- [Provided data]
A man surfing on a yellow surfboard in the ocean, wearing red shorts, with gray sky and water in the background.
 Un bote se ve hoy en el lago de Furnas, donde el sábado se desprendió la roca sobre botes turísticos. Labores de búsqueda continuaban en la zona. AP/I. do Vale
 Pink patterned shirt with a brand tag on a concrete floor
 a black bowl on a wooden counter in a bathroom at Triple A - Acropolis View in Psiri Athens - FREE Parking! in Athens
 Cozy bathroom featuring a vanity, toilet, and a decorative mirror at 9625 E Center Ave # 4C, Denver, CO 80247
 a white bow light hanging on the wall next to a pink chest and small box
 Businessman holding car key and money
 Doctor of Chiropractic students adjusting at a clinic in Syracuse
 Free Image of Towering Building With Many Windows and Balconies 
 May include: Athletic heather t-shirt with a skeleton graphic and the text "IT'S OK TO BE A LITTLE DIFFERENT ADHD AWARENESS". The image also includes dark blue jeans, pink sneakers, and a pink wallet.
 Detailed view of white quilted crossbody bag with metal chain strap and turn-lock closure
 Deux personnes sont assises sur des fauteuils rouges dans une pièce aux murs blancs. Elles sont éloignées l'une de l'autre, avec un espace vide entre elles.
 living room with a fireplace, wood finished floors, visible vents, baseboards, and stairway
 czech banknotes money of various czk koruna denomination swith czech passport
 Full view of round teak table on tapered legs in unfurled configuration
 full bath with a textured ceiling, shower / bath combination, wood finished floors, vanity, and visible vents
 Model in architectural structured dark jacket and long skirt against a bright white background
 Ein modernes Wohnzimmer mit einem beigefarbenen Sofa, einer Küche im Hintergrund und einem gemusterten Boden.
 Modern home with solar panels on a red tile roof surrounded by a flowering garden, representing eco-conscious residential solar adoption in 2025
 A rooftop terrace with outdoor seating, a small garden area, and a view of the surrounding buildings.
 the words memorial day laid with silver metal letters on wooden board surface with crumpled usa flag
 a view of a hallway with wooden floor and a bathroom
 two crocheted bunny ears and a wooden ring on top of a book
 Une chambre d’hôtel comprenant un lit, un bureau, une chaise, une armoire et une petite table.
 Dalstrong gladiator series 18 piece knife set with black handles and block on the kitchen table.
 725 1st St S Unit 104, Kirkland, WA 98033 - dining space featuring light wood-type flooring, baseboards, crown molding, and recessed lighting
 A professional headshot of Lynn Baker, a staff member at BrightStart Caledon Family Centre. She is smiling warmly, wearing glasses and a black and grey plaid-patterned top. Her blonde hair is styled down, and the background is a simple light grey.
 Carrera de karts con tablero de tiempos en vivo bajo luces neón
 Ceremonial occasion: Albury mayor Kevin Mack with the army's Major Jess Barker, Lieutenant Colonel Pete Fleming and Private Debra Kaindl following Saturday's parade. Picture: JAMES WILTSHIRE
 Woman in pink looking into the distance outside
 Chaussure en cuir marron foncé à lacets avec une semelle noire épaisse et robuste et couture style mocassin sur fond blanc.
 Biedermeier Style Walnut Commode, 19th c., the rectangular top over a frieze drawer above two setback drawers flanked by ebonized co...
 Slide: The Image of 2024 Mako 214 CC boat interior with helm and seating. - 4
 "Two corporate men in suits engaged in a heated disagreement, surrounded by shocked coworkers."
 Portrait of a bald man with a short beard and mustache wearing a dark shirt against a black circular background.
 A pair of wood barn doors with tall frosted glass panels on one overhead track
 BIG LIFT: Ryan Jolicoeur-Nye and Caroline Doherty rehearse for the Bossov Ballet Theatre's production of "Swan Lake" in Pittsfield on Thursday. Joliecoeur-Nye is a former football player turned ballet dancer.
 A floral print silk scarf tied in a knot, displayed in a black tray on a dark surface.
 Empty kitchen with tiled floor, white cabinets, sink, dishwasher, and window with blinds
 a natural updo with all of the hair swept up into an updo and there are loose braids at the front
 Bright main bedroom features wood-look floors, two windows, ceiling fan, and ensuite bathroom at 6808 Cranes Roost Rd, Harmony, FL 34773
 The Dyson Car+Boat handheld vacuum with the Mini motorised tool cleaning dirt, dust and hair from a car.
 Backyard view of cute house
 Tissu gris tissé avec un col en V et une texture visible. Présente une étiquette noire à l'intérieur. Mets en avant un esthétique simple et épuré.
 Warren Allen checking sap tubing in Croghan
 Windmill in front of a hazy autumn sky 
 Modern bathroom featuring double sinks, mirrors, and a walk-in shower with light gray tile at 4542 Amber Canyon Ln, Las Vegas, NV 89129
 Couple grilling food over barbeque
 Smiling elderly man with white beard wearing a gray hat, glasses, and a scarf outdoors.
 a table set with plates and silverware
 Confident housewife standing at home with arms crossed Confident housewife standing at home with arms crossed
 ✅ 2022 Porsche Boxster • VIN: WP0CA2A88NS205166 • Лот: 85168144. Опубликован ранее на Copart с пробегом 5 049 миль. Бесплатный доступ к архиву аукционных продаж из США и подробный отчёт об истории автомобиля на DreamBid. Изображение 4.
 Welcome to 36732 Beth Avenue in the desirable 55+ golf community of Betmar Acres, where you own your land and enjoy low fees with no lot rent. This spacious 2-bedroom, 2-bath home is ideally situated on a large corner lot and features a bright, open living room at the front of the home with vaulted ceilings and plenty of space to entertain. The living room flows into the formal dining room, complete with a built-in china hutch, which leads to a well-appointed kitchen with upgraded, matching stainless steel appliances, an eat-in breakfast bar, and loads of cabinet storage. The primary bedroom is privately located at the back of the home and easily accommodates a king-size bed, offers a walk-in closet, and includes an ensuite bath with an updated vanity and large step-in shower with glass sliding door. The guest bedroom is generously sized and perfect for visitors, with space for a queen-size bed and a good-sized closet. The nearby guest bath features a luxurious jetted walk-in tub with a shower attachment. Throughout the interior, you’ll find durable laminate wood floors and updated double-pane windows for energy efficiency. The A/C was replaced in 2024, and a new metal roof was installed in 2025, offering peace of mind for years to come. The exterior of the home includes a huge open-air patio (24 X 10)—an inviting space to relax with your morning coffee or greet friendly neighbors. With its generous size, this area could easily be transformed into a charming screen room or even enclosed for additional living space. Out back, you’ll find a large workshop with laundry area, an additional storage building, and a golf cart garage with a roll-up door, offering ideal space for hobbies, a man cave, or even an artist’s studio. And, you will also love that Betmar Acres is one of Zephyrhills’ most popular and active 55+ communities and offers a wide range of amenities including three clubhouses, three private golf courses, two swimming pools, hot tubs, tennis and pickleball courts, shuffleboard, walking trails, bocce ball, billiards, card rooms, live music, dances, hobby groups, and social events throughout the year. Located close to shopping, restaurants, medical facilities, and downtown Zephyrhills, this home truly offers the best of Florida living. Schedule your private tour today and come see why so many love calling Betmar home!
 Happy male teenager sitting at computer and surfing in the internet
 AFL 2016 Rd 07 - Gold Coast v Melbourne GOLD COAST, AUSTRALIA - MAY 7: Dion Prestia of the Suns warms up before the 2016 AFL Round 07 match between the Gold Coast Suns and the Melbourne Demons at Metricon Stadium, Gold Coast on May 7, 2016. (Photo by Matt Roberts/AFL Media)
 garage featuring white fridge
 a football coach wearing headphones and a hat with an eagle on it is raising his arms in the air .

- [Task details]
Say how many lines of the data hold the string "against". Reply with the number alone.

- [Solution for this exercise]
2